Boosting the fight against one of the world's oldest and most neglected diseases, Indian scientists have developed a new candidate vaccine against “kala azar”, also known as black fever or visceral leishmaniasis, which still kills thousands in India.

The vaccine, tested successfully on animals in the laboratory, is actually an enzyme that can protect people from the disease, which is transmitted through the bite of female sand-fly. Bihar is the global epicentre of the disease, even though it is reported commonly in Assam and West Bengal too.

There are drugs available to treat kala azar. But they are toxic, expensive and often lead to resistance. In the absence of better alternatives, doctors, however, continue with them.

The candidate vaccine, therefore, offers a hope, even though scientists have cautioned that it might take years to develop a commercial vaccine using the laboratory breakthrough.

The enzyme, HbR, could also be exploited both as a drug target and diagnostic, amplifying the significance of the discovery. However, it is the molecule's novel use as a candidate vaccine that the scientists found most exciting.
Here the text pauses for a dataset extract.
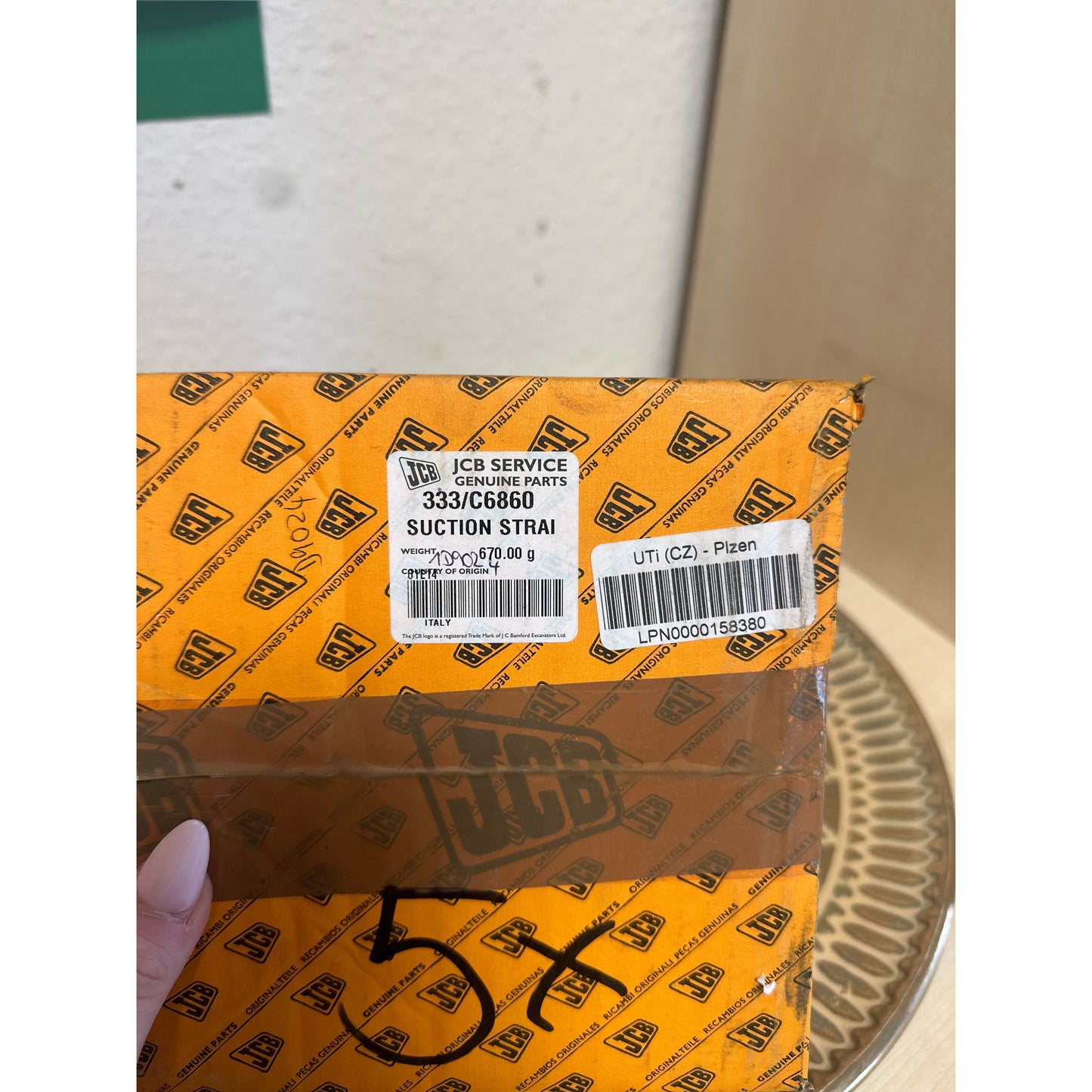 JCB Hydraulicölfiltersieb 333/C6860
“We are looking at HbR both as a drug target and vaccine. We validated our results in preclinical studies in two animals. Now we would like to take up human trials. It requires long-term funding commitment and involvement of a pharmaceutical company,” Amitabha Mukhopadhyay, one of the lead authors of the study at National Institute of Immunology (NII), Delhi told Deccan Herald.

Besides NII, scientists from Indian Institute of Chemical Biology (IICB) in Kolkata and Rajendra Memorial Research Institute of Medical Sciences in Patna, too, were involved in developing the vaccine after 15 years of research. The findings have been reported in the September 11 issue of Science Translational Medicine.

When laboratory mice and hamsters inoculated with the vaccine were exposed to kala azar, caused by a parasite known as Leishmania donovani, the scientists found that they were more than 99 per cent protected. Because of its twin function, HbR could be exploited as a novel drug target besides a successful vaccine candidate, said Mukhopadhyay.

In its third avatar, the molecule can be used to develop a new diagnostic tool as it generates antibodies (a type of protein used in disease detection kits) in “kala azar” patients' serum. Currently there is no easy detection for “kala azar”. The gold standard is detection by bone marrow puncture, which requires hospital stay.

“Kala azar vaccines are not available because all clinical trials that tried different antigens failed. This is an important finding because the candidate antigen, haemoglobin receptor, is present in all Leishmania species. It is possible that the vaccine will succeed in clinical trials,” said Bhaskar Saha, who researches kala azar at the National Centre for Cell Sciences in Pune but is not associated with the NII-IICB study.

The disease affects 12 million worldwide, with 500,000 new infections and 50,000 deaths every year.